See this in Calibre's help files: http://manual.calibre-ebook.com/conv...#pdfconversion

In all cases, it is best to go back to the source document and work from there.

The best of the worst case scenario would be having a PDF created directly from the source (InDesign, Quark, etc.). You can tell when zooming in on the PDF, the text/graphs stay extremely crisp.
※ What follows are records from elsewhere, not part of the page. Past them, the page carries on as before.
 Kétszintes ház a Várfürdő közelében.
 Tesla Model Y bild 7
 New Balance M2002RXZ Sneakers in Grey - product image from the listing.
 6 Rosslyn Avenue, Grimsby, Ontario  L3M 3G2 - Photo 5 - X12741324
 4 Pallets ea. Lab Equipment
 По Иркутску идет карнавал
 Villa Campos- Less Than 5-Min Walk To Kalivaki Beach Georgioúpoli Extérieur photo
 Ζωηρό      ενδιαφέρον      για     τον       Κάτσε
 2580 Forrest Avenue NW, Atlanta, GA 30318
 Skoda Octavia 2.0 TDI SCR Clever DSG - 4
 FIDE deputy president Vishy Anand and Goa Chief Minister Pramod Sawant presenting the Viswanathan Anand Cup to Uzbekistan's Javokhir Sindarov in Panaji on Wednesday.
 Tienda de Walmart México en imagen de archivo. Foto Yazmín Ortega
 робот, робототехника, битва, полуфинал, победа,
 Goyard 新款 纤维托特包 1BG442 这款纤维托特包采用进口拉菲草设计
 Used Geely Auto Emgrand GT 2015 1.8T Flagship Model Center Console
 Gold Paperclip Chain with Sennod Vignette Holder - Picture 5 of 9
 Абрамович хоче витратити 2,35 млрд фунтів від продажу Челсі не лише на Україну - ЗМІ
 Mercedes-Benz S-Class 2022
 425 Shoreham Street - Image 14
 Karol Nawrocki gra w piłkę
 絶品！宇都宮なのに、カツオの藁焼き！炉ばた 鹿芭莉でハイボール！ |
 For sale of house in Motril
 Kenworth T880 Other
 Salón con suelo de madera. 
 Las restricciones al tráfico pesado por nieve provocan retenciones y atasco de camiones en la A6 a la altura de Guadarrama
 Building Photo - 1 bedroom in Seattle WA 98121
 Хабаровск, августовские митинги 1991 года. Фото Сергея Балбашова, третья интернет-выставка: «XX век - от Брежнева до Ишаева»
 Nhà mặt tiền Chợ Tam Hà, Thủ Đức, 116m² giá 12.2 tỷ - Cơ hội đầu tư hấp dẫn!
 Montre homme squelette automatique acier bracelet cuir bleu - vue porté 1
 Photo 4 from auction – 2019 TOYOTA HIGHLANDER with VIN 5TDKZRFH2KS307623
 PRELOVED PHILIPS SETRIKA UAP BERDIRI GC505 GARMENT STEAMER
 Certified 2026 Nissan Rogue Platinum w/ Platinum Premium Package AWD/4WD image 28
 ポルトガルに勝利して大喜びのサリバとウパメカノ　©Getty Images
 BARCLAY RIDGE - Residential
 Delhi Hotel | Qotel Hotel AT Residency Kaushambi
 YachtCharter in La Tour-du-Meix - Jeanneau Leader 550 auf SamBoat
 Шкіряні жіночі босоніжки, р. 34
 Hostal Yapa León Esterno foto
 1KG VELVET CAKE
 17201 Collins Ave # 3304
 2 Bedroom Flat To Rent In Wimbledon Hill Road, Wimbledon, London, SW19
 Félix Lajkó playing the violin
Click image for larger version

Name: page5.png
Views: 2647
Size: 107.0 KB
ID: 112573

Click image for larger version

Name: page5zoom.png
Views: 3035
Size: 43.4 KB
ID: 112574

These might be able to have text extracted from them ok (although still a lot of errors can/will be introduced). I believe Calibre uses xpdf in the backend to handle pulling text out of PDFs:

http://www.foolabs.com/xpdf/download.html

Someone on the forums probably has a lot more experience with this type. I never work from this type (we usually have the source files for these).

Quote:

Originally Posted by mb2u

How about whole lines missing? Pretty hard to live with!

Sounds to me like you have a scanned book.

This is the worst case scenario. The text backend in the PDF most likely was just fed through Tesseract, Finereader, the scanner's built-in OCR, etc... and spit out with no human intervention. This is the case, for example, on the conversions to different formats on archive.org. There will be a ton of errors.

Your best bet would be to start from scratch, using the latest version of the OCR programs (later versions most likely have more accurate OCR).

Here is a whole list of different OCR programs: https://en.wikipedia.org/wiki/Compar...ition_software

If you want higher quality output, you would also have to painstakingly go through and manually fix errors that you find. It is very laborious work.

I personally use ABBYY Finereader (this is a paid program, quite expensive, but well worth it if you do a lot of conversions): http://finereader.abbyy.com/

It is very accurate with a whole host of texts/languages, and allows you to easily side-by-side compare image to OCRed text (highlights unsure characters in light blue).

Here is a book in Finereader that I am currently working on converting:

Click image for larger version

Name: FinereaderSidebySide.png
Views: 1089
Size: 176.3 KB
ID: 112575

Left = Original Document
Right = OCRed Text
Bottom = Magnified area in the original document

Even after export, you must still spend a lot of time fixing the output (combining paragraphs, removing accidental hyphens, adding formatting, splitting chapters, etc. etc.).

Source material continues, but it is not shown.